Le premier modèle le plus important était le Ju 88A, dont environ 7000 ou plus ont été livrés dans des variantes jusqu'au Ju 88A-17 avec des moteurs régulièrement améliorés, un armement défensif amélioré et une capacité offensive améliorée. Le total final de 15 000 Ju 88 de tous les modèles donne une idée de l'importance de cet avion, qui en plus de son rôle de bombardement a également été développé pour servir de chasseur de nuit, d'appui rapproché et d'engin anti-blindage à gros canons, et plate-forme de reconnaissance porteuse de missiles.


Junkers Ju-88

Aucune autre force aérienne n'a poursuivi le concept d'action tactique ciblée avec la persévérance affichée par l'armée allemande. Les avantages d'une telle stratégie semblent évidents. Le bombardement stratégique de couverture de couverture nécessite des avions énormes et sophistiqués et un énorme investissement en matériel pour un résultat d'efficacité comparativement modéré. L'action tactique, d'autre part, peut être très efficace même avec une quantité relativement faible de matériel, et c'est le grand inconvénient, dans un champ d'opération étroitement confiné seulement. Les victoires éclair juste après le début de la guerre et la bataille d'Angleterre perdue ont montré ce qui pouvait être accompli par l'armée de l'air allemande pendant la Seconde Guerre mondiale, et ce qui ne le pouvait pas.

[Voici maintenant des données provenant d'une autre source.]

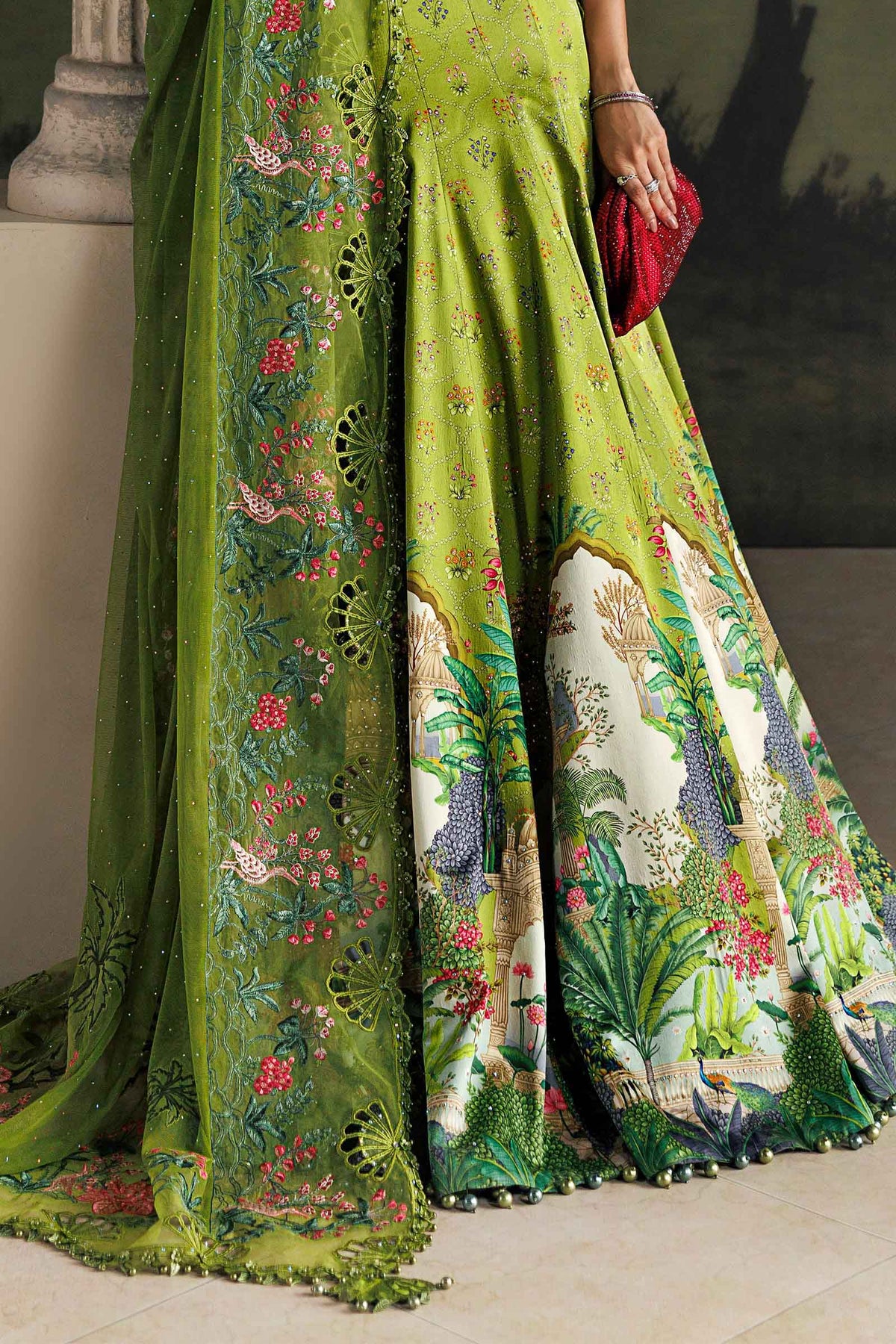Maria B Soiree Unstitched Collection 2026 | SR-01-06-Peridot Green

Initialement, le Ju-88 avait été conçu comme un bombardier moyen à vol horizontal. Le premier prototype a décollé le 23 décembre 1936. Par la suite, l'avion a subi d'importantes modifications pour en faire un bombardier en piqué. La production en série a commencé en 1938. Dans les années suivantes, le Ju-88 s'est avéré être une conception réussie, qui pouvait être utilisée comme bombardier, avion de reconnaissance longue distance et comme chasseur de nuit. Environ 15 000 exemplaires ont été construits au total. Mais peu existent encore aujourd'hui. L'exposition du musée a été récupérée dans un lac en Suède en 1986.

Données techniques:
Période de production : 1936 - 1945 Envergure : 20,00 m Moteur : 2 x Jumo 211-J moteur en ligne avec 1 410 ch chacun Vitesse maximale : 470 km/h Charge de bombe : 3 000 kg Production totale : env. 15 000 Masse au décollage : 14 000 kg


Junkers Ju 88 A-4

Le Ju 88 a été construit à l'origine comme un bombardier à grande vitesse. Le prototype effectua son vol inaugural en 1936 et l'avion fut opérationnel en 1939. Pendant la Seconde Guerre mondiale, dix variantes différentes furent fabriquées, par exemple : bombardier, chasseur de nuit, avion de reconnaissance, bombardier en piqué, bombardier torpilleur et avion d'appui rapproché pour l'armée. Plus de 15 000 Ju 88 ont été construits.

Le Ju 88 du Royal Norwegian Air Force Museum porte la désignation supplémentaire A-4. Ce type d'avion a été produit à partir de 1942 et a été développé pour attaquer la navigation. Les Allemands avaient de nombreux escadrons de Ju 88 dans le nord de la Norvège. La tâche principale était de bombarder les convois alliés entre la Grande-Bretagne et Mourmansk et, entre autres réalisations, l'avion était conjointement responsable du naufrage de 32 navires marchands alliés en convois au large des côtes du Finnmark en moins de deux mois.

L'avion des musées

L'avion exposé portait les lettres d'immatriculation 4D+AM et en 1942, il était stationné à Banak. Après avoir attaqué les deux navires de guerre russes «Kiev» et «Occident» le 17 avril 1942, l'avion a manqué de carburant pendant le vol de retour vers Banak. L'équipage de quatre personnes a sauté près de Hammerfest et l'avion s'est écrasé sur la montagne Gardevarre, à l'intérieur des terres de Smørfjord.

L'avion est affiché approximativement tel qu'il a été trouvé sur Gardevarre. La peinture s'est détériorée après 40 ans de temps et de vent, mais au début, elle avait le camouflage d'origine RLM 70/71 à motif d'éclats, avec le dessous peint en noir mat. Il a des lettres d'immatriculation noires avec un A blanc comme lettre individuelle de l'avion selon son escadron.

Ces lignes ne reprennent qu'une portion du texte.